De esperpento en esperpento, las sancheces consiguen que lo grotesco parezca normal y lo razonable, grutesco. Nuestra tolerancia es como el vientre del boxeador, endurecido a golpes, como su cerebro noqueado hasta no poder distinguir lo que hiere y lo que hiede. Es la pasmarotada en que confluye una impudicia recurrente. Vivimos tiempos extraños, ya lo dije hace unas semanas: los peores han copado el poder, todos juntos, en contubernio, y se dedican a hincar los árboles por las copas dejando las raíces al aire ante el alborozo ajeno. Una descomunal estafa donde las estrategias se inventan cada mañana y las cuentan, ¡oh, castigo!, en acendradas homilías repletas de vaciedad.
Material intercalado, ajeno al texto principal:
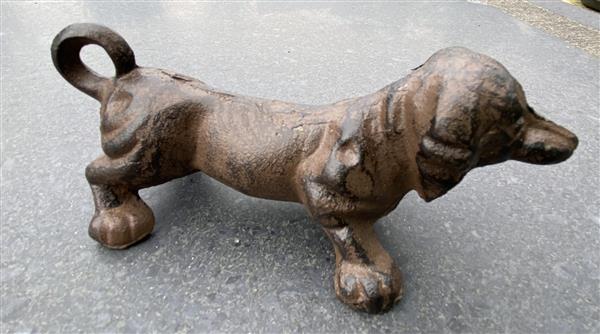 Grote foto dierenbeeld teckel hond gietijzer bruin hg1726 tuin en terras tuindecoratie
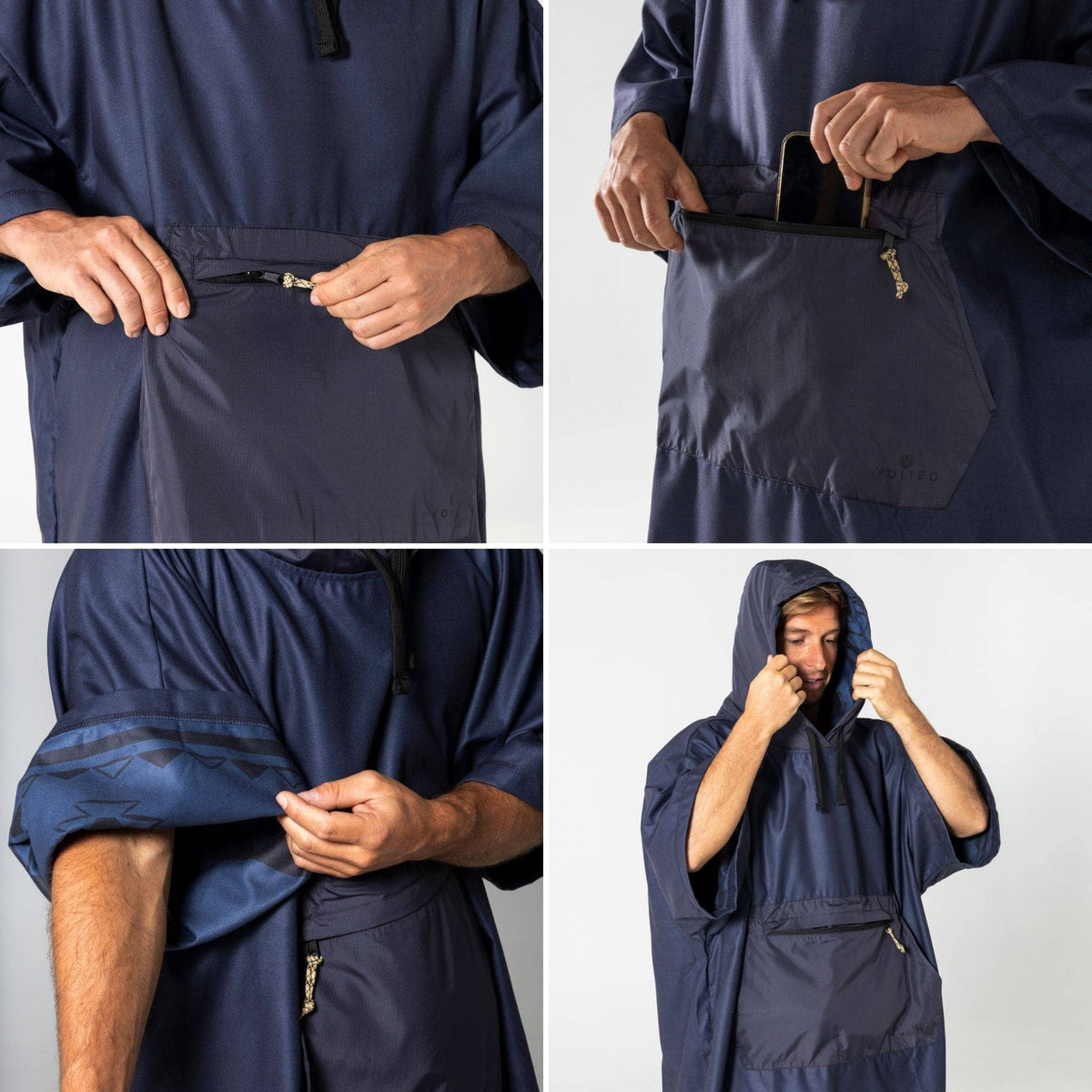 VOITED Micro Fleece Poncho - Ocean Navy/Ethno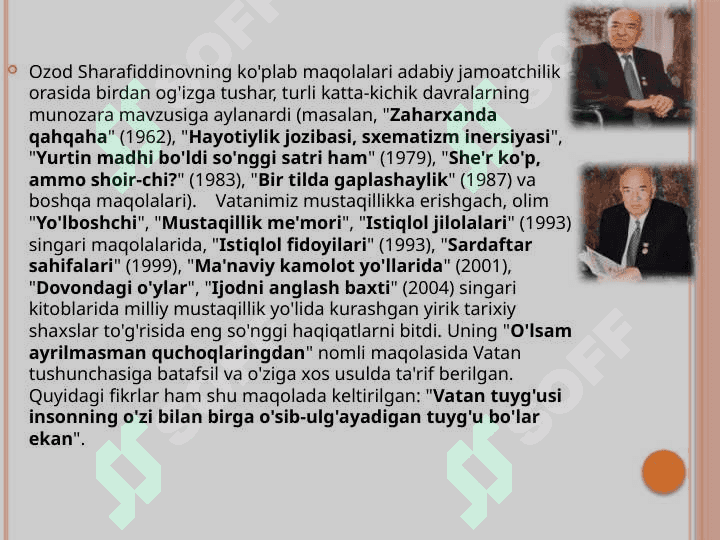 Ozod  Sharafiddinovning hayoti va ijodi 5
El Gobierno no cesa de generar conflictos, aunque duerma.
Tienen la convicción de vivir en una batalla perpetua donde cada minuto ha de ser
de gloria, donde solamente se puede vencer o morir. Se saben dueños de una
gobernanza muy débil y sus socios, que ventean en el aire la inestabilidad y a su vez se
saben contingentes una vez aprobadas las cuentas, buscan arramplar con todo. Ya
lo hacían: lo de la lengua vehicular da risa porque las sentencias
constitucionales siempre se tomaron por el pito del sereno y los cuarteles ya
iban en retirada (cuestión de símbolos). Si se derriban las estatuas, ¿por qué
no esos residuos ancestrales que, al parecer, ya no hacen sino estorbar a unos
y otros, menos a los de siempre?
Y en eso estamos, viviendo cada día los incidentes y el pillaje
que, desde que el mundo inventó la decadencia, anticipan el hundimiento. Es obsceno
contemplar cómo quienes más se regocijan con el cataclismo no dejan de obtener
réditos y placer con ello. ¿A quién le importa si los ciudadanos callamos y
hasta dentro de tres años no hablarán las urnas? Los de la oposición no oponen
mucha resistencia, diríase que ninguna, salvo esos desdichados escorados a la
derecha a quienes neutralizan las bien orquestadas campañas de demonización que
promulgan tanto el Gobierno y sus socios como los propios oponentes.
No sé cuál será el colofón a tanta agresión. Yo, al menos,
me siento agredido, batallando con la voz en un cada vez más yermo erial donde
las gentes deambulan, trabajan, aman o mueren, sí, pero con la tristeza de ver
a los peores de todos, a los más perversos y demenciales, manejando las riendas
de un carruaje que hace rato que se viene despeñando. Es lo que pasa cuando
irrumpen las hordas cainitas y destruyen la paz civil, la estabilidad y lo que
una vez fue denominado, sencillamente, prosperidad.